Work request => Starting with the first line of the data below, copy each line up to and including the one containing "Paul Gauguin The". Pictures stay out.

Data extract =>
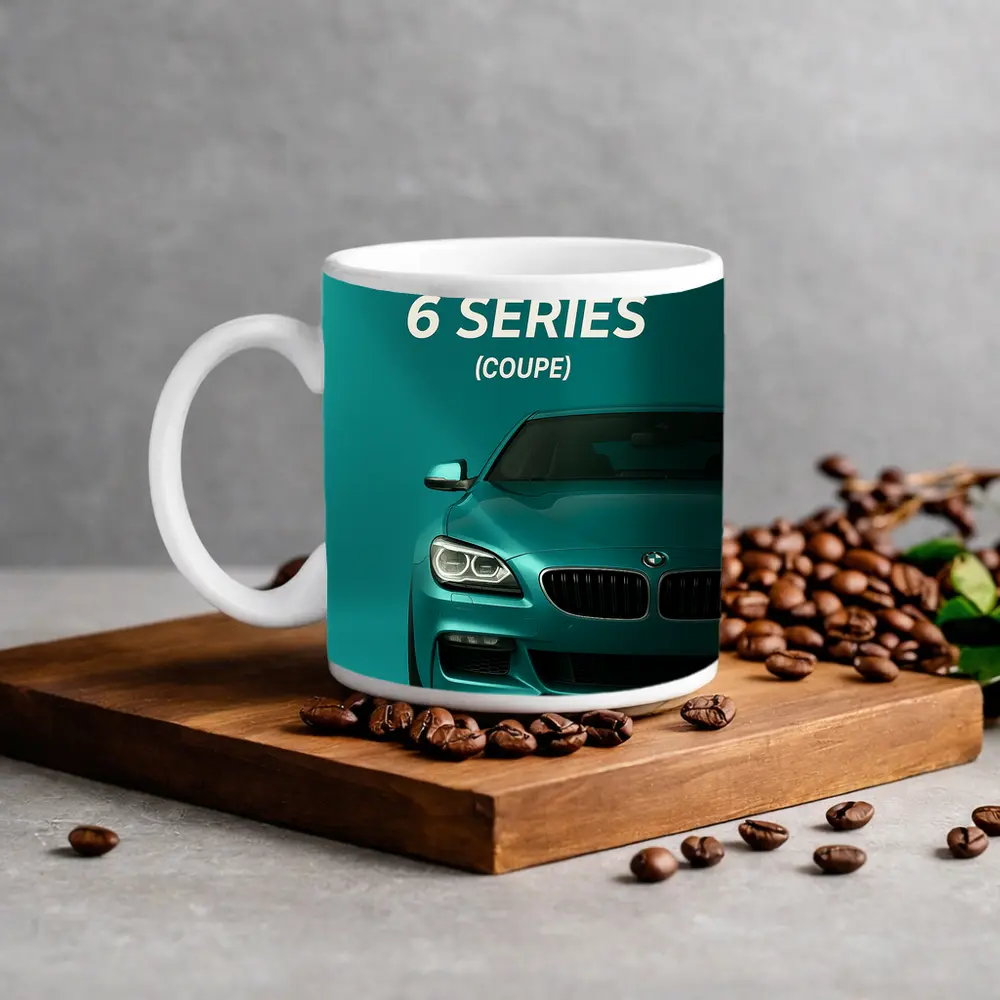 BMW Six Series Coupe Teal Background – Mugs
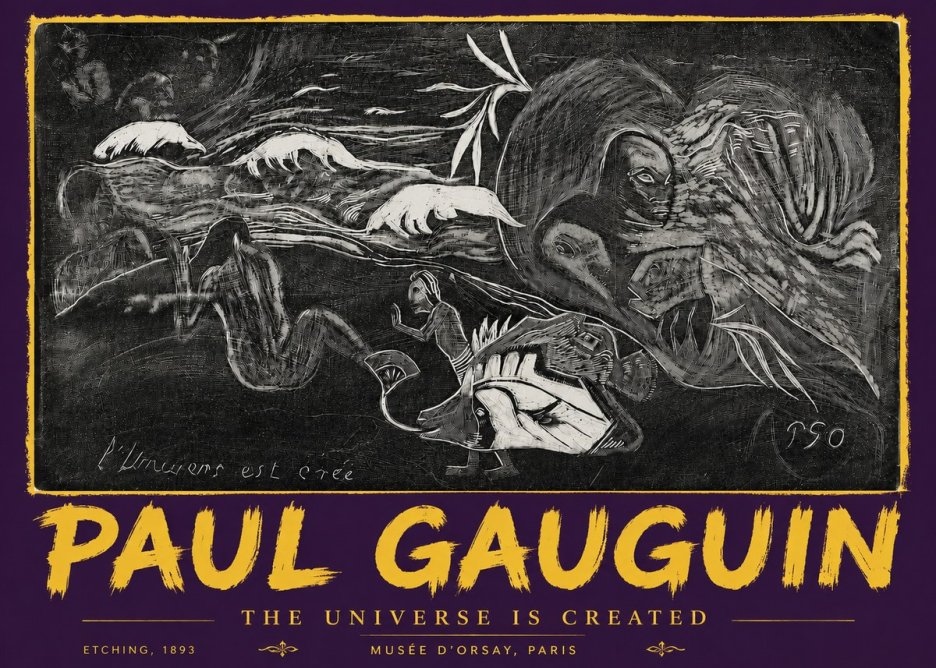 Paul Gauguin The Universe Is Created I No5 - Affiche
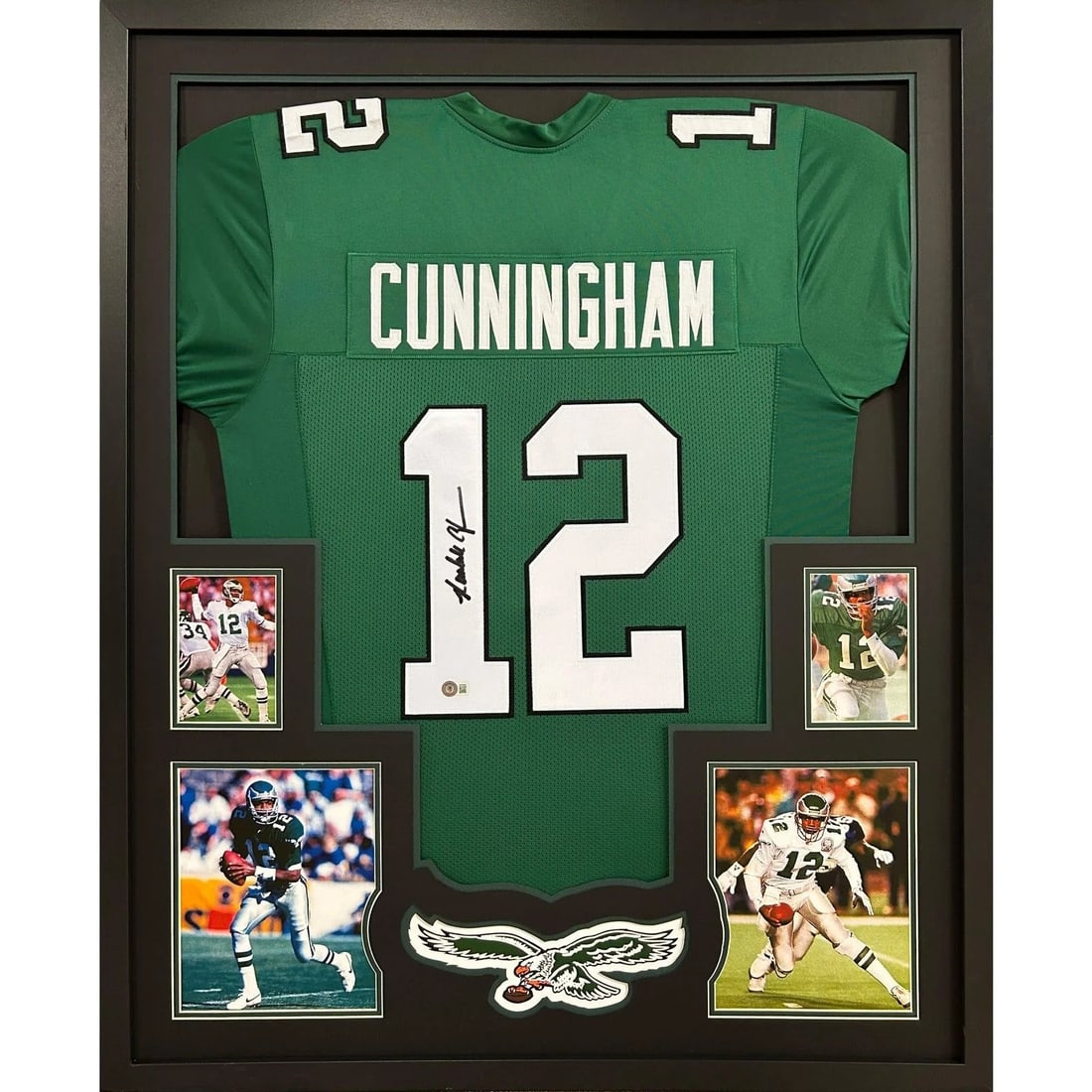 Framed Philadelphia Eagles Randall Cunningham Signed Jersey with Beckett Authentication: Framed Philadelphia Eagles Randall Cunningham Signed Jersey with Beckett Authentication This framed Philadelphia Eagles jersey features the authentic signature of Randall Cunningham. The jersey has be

Finished task =>
 BMW Six Series Coupe Teal Background – Mugs
 Paul Gauguin The Universe Is Created I No5 - Affiche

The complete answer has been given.